BEAST in the cloud

We recently managed to set-up an account on amazon web service (AWS) that will enable us to test out how practical and efficient it will be to do computationally intensive analyses in the cloud. We often wonder whether it is worth spending loads of money on new servers and lots of time managing the hardware and software on them or whether it is worthwhile off loading most of it to a private company like Amazon. Do we save time? Do we save money?

The cloud is not impervious to problems, recently amazon was affected by a significant outage, however it is still worth thinking of using cloud computing and storage for the future.

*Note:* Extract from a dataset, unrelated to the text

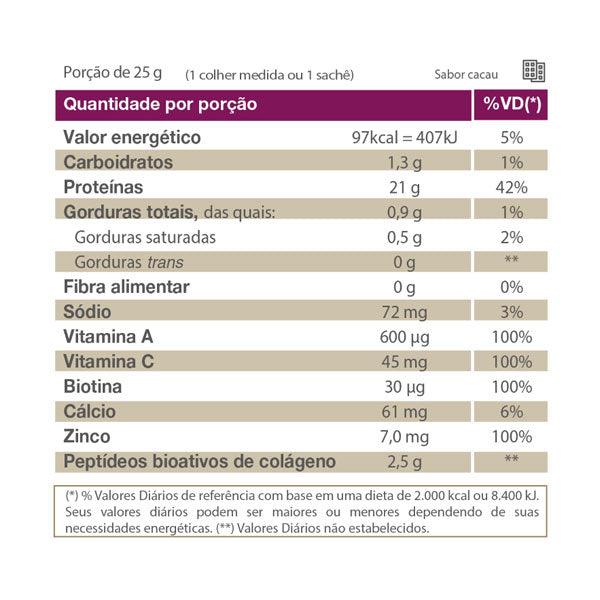 isofort cranberry vitafor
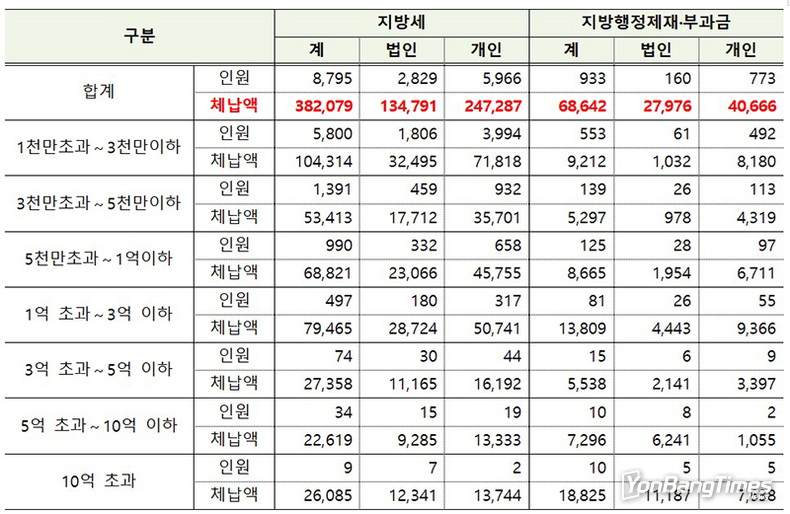 고액 체납자 9728명 명단 공개…악의적 체납자 재산 추적 강화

The following post is a walk through of my first experiment using AWS EC2 to benchmark different instances for BEAST phylogenetic analyses.

1) Setting-up an amazon AWS account paid using a purchase order number from the CVR.

Arcus Global Ltd is a company that has been set-up to help Universities use AWS. The following video explains the background and how it works.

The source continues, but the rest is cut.